How an "expert" will dismiss the death data analysis
I got this email from one of my readers (Jeff) who explained why "experts" won't believe what the objective death data indicates.
The plan is to have a third party survey company ask people survey questions like:
Did anyone in your family die in the last 18 months?
When did they die (date)?
How old were they?
Did they ever receive a COVID vaccine prior to death?
From this we can figure out whether the vaccine is safe or not. This is not opinion or bias, it's a statement of fact. There are no biases here. You can’t tell whether the survey is from a pro-vax company, anti-vax company, or a company that can’t figure it out either way.
“Jeff” wrote me:
I passed along the survey concept to "prove" increase in all cause mortality to see how it would be received by a Ph.D. in social sciences / marketing who works near enough to vaccine proponents to stand as an indicator of likely rejection of my representation of what I think you have in mind - also expert in social stats, who I personally know, and below you will kindly find his response, which if not addressed, will likely be the kind of resistant efforts, from the pro-vaxx side of the discourse, you will likely encounter.
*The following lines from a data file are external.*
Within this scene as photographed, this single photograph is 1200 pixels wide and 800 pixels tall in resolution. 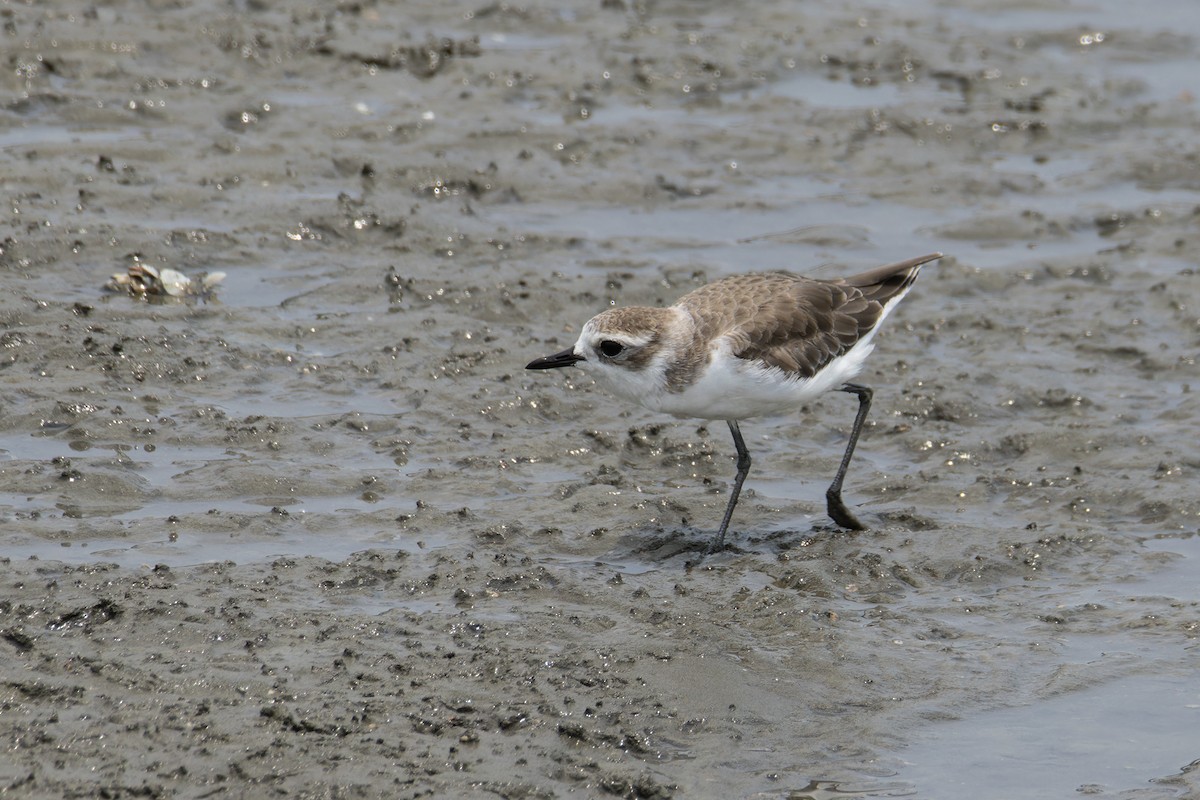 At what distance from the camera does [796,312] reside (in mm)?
9234

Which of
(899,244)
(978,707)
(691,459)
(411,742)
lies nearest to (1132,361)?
(899,244)

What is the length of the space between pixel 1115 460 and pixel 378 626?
5.50 metres

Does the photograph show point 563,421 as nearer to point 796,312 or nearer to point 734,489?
point 734,489

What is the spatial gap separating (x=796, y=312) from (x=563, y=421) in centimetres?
197

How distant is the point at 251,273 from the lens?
1168cm

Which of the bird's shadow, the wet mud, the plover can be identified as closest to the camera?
the wet mud

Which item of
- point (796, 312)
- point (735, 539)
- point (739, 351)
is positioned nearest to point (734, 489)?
point (735, 539)

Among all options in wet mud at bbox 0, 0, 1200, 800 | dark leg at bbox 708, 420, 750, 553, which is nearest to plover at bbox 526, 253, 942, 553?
dark leg at bbox 708, 420, 750, 553

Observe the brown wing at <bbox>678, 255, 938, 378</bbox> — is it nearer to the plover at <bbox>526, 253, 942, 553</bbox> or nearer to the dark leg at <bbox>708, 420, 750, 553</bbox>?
the plover at <bbox>526, 253, 942, 553</bbox>

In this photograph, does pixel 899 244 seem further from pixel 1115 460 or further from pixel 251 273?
pixel 251 273

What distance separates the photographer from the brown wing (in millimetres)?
8883

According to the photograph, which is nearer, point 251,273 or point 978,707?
point 978,707

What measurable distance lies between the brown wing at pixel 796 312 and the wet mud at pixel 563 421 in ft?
3.60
That is the best I can offer to you - I hope it saves time and money and further, increases the likely acceptance of your survey results by both anti-vaxxers and by those who support covid vaccinations.
His friend wrote to him:
A social survey is an inappropriate method out of the box.
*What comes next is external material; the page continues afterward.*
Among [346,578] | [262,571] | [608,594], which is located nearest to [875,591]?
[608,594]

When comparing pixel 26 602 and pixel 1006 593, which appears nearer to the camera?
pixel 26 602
Social surveys about knowing others who had X happen after Y experience is 100% hearsay, but could look and feel "legitimate", which is an issue. Its called bias.
It won't likely fly in either law or psychological (or opinion) measurement. You might be able to flip it, asking beliefs about cov vax efficacy and safety, and then ask if they know anyone personally whom they believe was injured by admin of the cov vax. That gives a measure of belief and the potential reason for the belief. Social surveys, e.g. opinion surveys are good at getting at beliefs and poor at predicting behavior based on beliefs, and awful at medical diagnosis.
The method itself is inappropriate, even if you could ask valid and reliable questions.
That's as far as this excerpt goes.